This page describes the core concepts used throughout Data Connection.
A Source represents a single connection, including any configuration necessary to specify the target system and the credentials required to successfully authenticate. Sources must be configured with a particular runtime depending on the networking between the Palantir platform and the target system. The runtime also defines where any capabilities used with the source will be run.
A source is set up based on a particular connector (also referred to as a source type). A broad range of connectors are available in the Palantir platform, designed to support the most common data systems across organizations. Depending on the connector and runtime selected, different capabilities may be available.
For systems without a dedicated connector, the generic connector or REST API source may be used with code-based connectivity options such as external transforms, external functions, and compute modules.
A credential is a secret value that is required to access a particular system; that is, credentials are used for authentication. Credentials can be passwords, tokens, API keys, or other secret values. In the Palantir platform, all credentials are encrypted and stored securely. Depending on the runtime, secrets may be stored locally on a Data Connection agent, or directly in the platform.
Some sources are able to authenticate without storing any secrets, such as when using OpenID connect, outbound applications, or a cloud identity.
Sources must be configured with a runtime. The runtime defines the networking configuration and where capabilities are executed.

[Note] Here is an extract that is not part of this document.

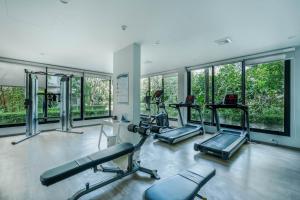 Studio Apartment by the Sea E413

Palantir allows you to use three different runtimes to connect to your systems. In general, if the system to which you're connecting can accept inbound connections from the network where your Foundry instance is hosted, you should use a direct connection runtime. If this is not possible, and the source type you are using supports an agent proxy, this is the preferred agent-based option. If neither of the other runtimes are available, you should fall back to using an agent worker.
Not all runtimes are available for all source types.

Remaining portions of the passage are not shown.